Apache Spark Architecture | Distributed System Architecture Explained

Apache Spark and Scala (36 Blogs) Become a Certified Professional

Apache Spark is an open-source cluster computing framework which is setting the world of Big Data on fire. According to Spark Certified Experts, Sparks performance is up to 100 times faster in memory and 10 times faster on disk when compared to Hadoop. In this blog, I will give you a brief insight on Spark Architecture and the fundamentals that underlie Spark Architecture.

In this Spark Architecture article, I will be covering the following topics:

Spark & its Features
Spark Architecture Overview
Spark Eco-System
Resilient Distributed Datasets (RDDs)
Working of Spark Architecture
Example using Scala in Spark Shell

Spark & its Features

Apache Spark is an open source cluster computing framework for real-time data processing. The main feature of Apache Spark is its in-memory cluster computing that increases the processing speed of an application. Spark provides an interface for programming entire clusters with implicit data parallelism and fault tolerance. It is designed to cover a wide range of workloads such as batch applications, iterative algorithms, interactive queries, and streaming.

Features of Apache Spark:

Spark Features- Spark Architecture-Edureka — Fig: Features of Spark

Speed
Spark runs up to 100 times faster than Hadoop MapReduce for large-scale data processing. It is also able to achieve this speed through controlled partitioning.
Powerful Caching
Simple programming layer provides powerful caching and disk persistence capabilities.
Deployment
It can be deployed through Mesos, Hadoop via YARN, or Spark’s own cluster manager.
Real-Time
It offers Real-time computation & low latency because of in-memory computation.
Polyglot
Spark provides high-level APIs in Java, Scala, Python, and R. Spark code can be written in any of these four languages. It also provides a shell in Scala and Python.

Spark Architecture Overview

Apache Spark has a well-defined layered architecture where all the spark components and layers are loosely coupled. This architecture is further integrated with various extensions and libraries. Apache Spark Architecture is based on two main abstractions:

Resilient Distributed Dataset (RDD)
Directed Acyclic Graph (DAG)

Spark Architecture _ Edureka — Fig: Spark Architecture

But before diving any deeper into the Spark architecture, let me explain few fundamental concepts of Spark like Spark Eco-system and RDD. This will help you in gaining better insights.
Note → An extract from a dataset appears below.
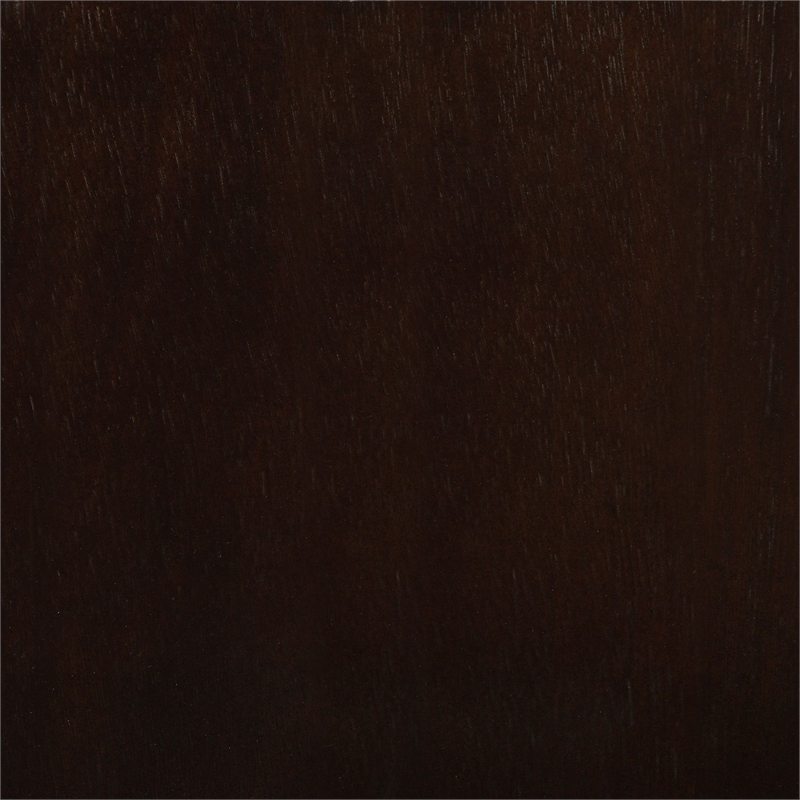 Picket House Furnishings Santino Twin Over Twin Bunk Bed in Espresso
Let me first explain what is Spark Eco-System.

Spark Eco-System

As you can see from the below image, the spark ecosystem is composed of various components like Spark SQL, Spark Streaming, MLlib, GraphX, and the Core API component.

Spark Core
Spark Core is the base engine for large-scale parallel and distributed data processing. Further, additional libraries which are built on the top of the core allows diverse workloads for streaming, SQL, and machine learning. It is responsible for memory management and fault recovery, scheduling, distributing and monitoring jobs on a cluster & interacting with storage systems.
Spark Streaming
Spark Streaming is the component of Spark which is used to process real-time streaming data. Thus, it is a useful addition to the core Spark API. It enables high-throughput and fault-tolerant stream processing of live data streams.
Spark SQL
Spark SQL is a new module in Spark which integrates relational processing with Spark’s functional programming API. It supports querying data either via SQL or via the Hive Query Language. For those of you familiar with RDBMS, Spark SQL will be an easy transition from your earlier tools where you can extend the boundaries of traditional relational data processing.
GraphX
GraphX is the Spark API for graphs and graph-parallel computation. Thus, it extends the Spark RDD with a Resilient Distributed Property Graph. At a high-level, GraphX extends the Spark RDD abstraction by introducing the Resilient Distributed Property Graph (a directed multigraph with properties attached to each vertex and edge).
MLlib (Machine Learning)
MLlib stands for Machine Learning Library. Spark MLlib is used to perform machine learning in Apache Spark.
SparkR
It is an R package that provides a distributed data frame implementation. It also supports operations like selection, filtering, aggregation but on large data-sets.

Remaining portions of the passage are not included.